THE
4 MASTER
SUITES
Four titles, four worlds. With Earth, Dream, Prey, and Sin, I composed spaces where literature turns into atmosphere, and words become walls.
CONCEPT
The guiding idea was to let each suite embody one of Zola’s themes with its own materiality, palette, and rhythm. Walls and interiors were composed like chapters: distinct yet part of a greater story. Collaboration with artists and designers brought further layers, ensuring each room became a complete experience, not just a decorative gesture.




CRAFTING FOUNDATION
Across all four suites, strong bases anchor the work: mineral surfaces, natural pigments, fabrics, metals, and wood.
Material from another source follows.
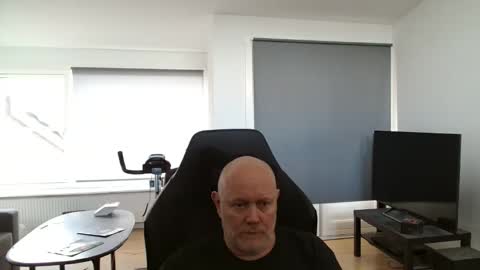 thomash32 online show from 10/17/25, 11:35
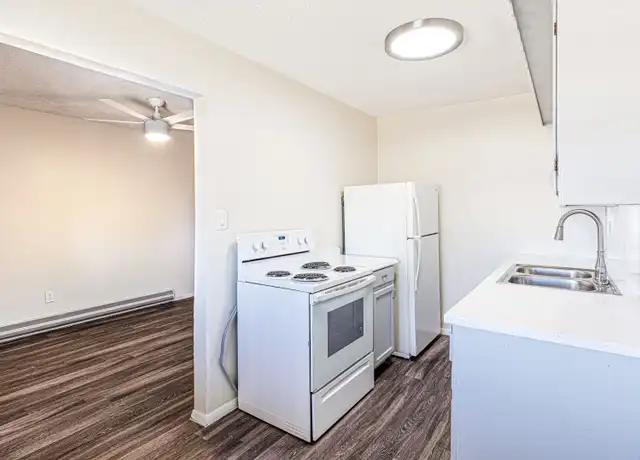Property at 2507 NW 20th St Unit 2, Lawton, OK, 73507, 1 bed, 1 bath, [object Object]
Each element was selected for its ability to age, to carry patina, and to hold memory — so that the foundation itself is already alive with character.
ROOM 208 — THE EARTH
"LA TERRA"
A vertical play of up to 50 color tones, layered like strata, interrupted by end-grain timbers set into the wall. Earth as depth, earth as structure.




ROOM 104 — THE DREAM
"LE RÈVE"
Created with artist Anna Menecia Antenete Hambira (@amaaena), layered fabrics in patchwork blues cascade across walls, dissolving into painted surfaces — a dream stitched into color.




ROOM 104 — THE PREY
"LA CURÈE"
Brass plates and hand-cut and also handpicked wooden logs from an old sawmill set the stage. Fire blackened the wood, bringing destruction as design. Metal and charred timber in raw tension.




ROOM 209 — THE SIN
"LA FAUTE"
A dark composition of jute, hemp, and cotton dyed with natural pigments, pressed into wall layers (Professor Robert Wiesner contributed to the process) Gypsum plaster finished the surfaces, partially scraped back, revealing both concealment and exposure.




DECAY
Each suite carries a sense of erosion, layering, and transformation. Colors fade into one another, fabrics fuse with plaster, wood yields to fire, and surfaces carry scars like memories. Together, the suites do not simply host guests — they immerse them in narratives of nature, desire, and time.
"These suites do not just host — they immerse guests in narratives of nature, desire, and time."